**TASK:**
An exact reproduction of the listing, minus the pictures, is the required output.

**GIVEN MATERIAL:**
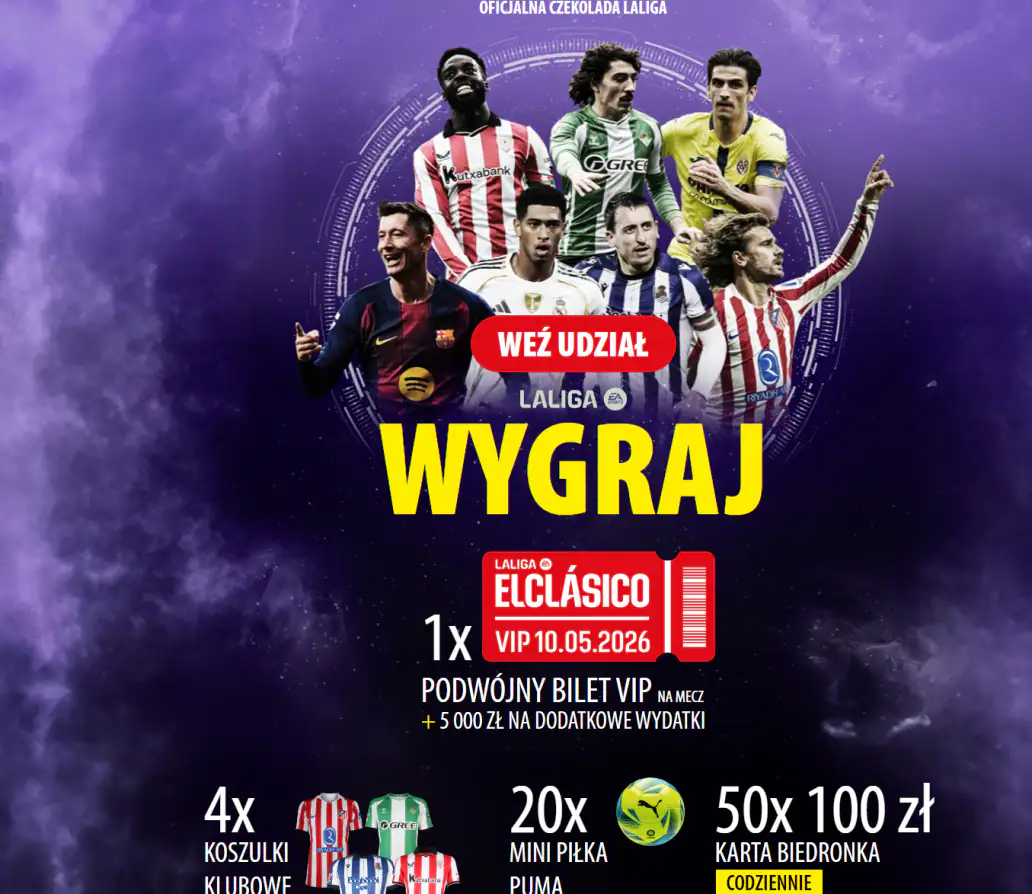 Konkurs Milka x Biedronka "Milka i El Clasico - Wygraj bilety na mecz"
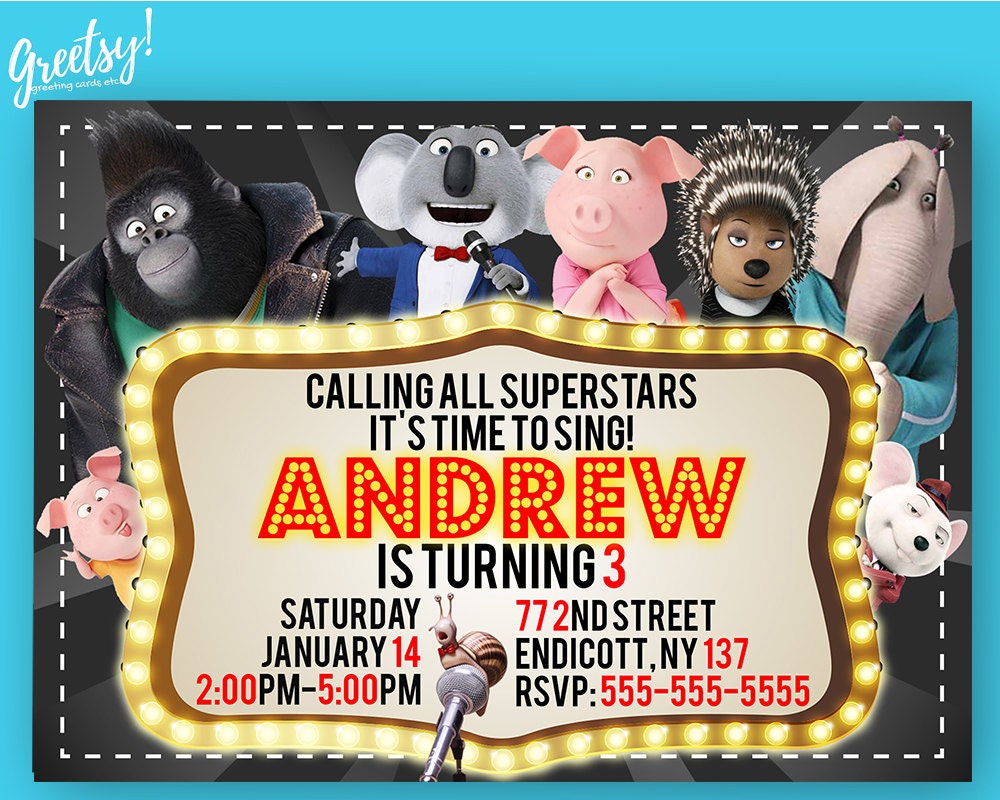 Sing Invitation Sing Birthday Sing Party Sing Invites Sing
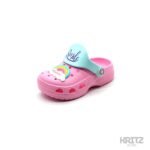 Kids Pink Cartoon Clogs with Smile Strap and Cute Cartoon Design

**RESULT OF THIS EXERCISE:**
 Konkurs Milka x Biedronka "Milka i El Clasico - Wygraj bilety na mecz"
 Sing Invitation Sing Birthday Sing Party Sing Invites Sing
 Kids Pink Cartoon Clogs with Smile Strap and Cute Cartoon Design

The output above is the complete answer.